VJAS lawyer Vinod Tiwari told HT, "Our petition demands compensation of Rs 5 lakh for the injured who are seriously hurt in their kidneys and stomach. And Rs 10 lakh for Ghugul's family - his parents are aged, and he has 3 daughters, with the family in a desperate situation. We also want the official's responsibility for the firing to be charged, and prosecuted, including for murder."
Thool said the commission's investigation take 2-3 months and the government recommended to act as per its findings, even prosecute the officials if necessary.
Yavatmal SP Abdul Rehman told HT that the incident was unfortunate but unavoidable: "14 officials and constables were locked up in a building and the mob, consisting of farmers joined by students and anti-social elements, was about to set it on fire. We had to resort to the firing in order to save human lives and public property."

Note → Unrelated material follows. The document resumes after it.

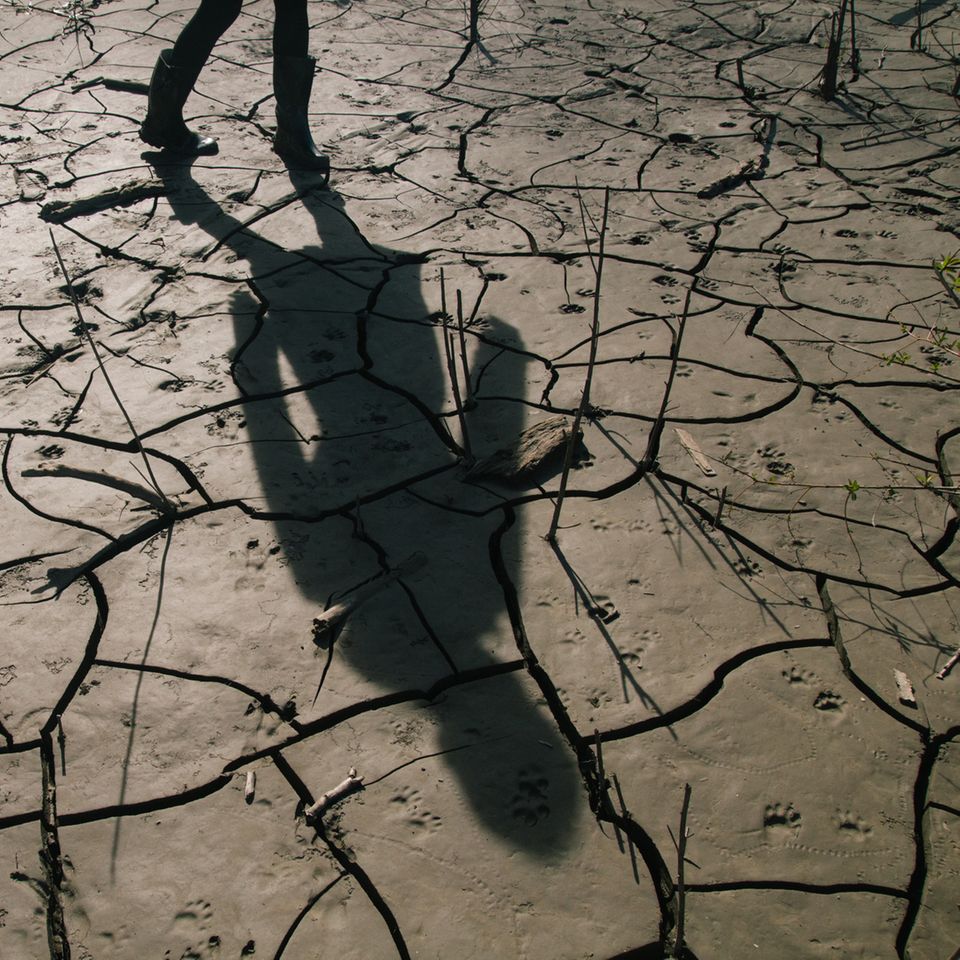 Die Klimakrise sorgt dafür, dass die Ungleichheit zwischen den Geschlechtern größer wird. Dabei ginge es auch anders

Rehman added, "26 rounds were fired, but only one death took place and a few injuries. This shows that police fired in a controlled manner despite the violent situation."
Ajay Dandekar, who authored a 2005 inquiry for the Bombay High Court into farmers suicides in Vidarbha over 2400 farmers have killed themselves since 2001 in the face of mounting debts and plummeting cotton prices_said, "The incident is a wake-up call for the government and society that Vidarbha's peasantry is in a deep crisis. The farmers have very basic aspirations but even these are not being met…they are looking at death."
Tiwari added, "The bigger problem is that the RR Patil and Vilasrao Deshmukh government are out of touch with the cotton farmers desperation. We hope MSHRC's action will help address that."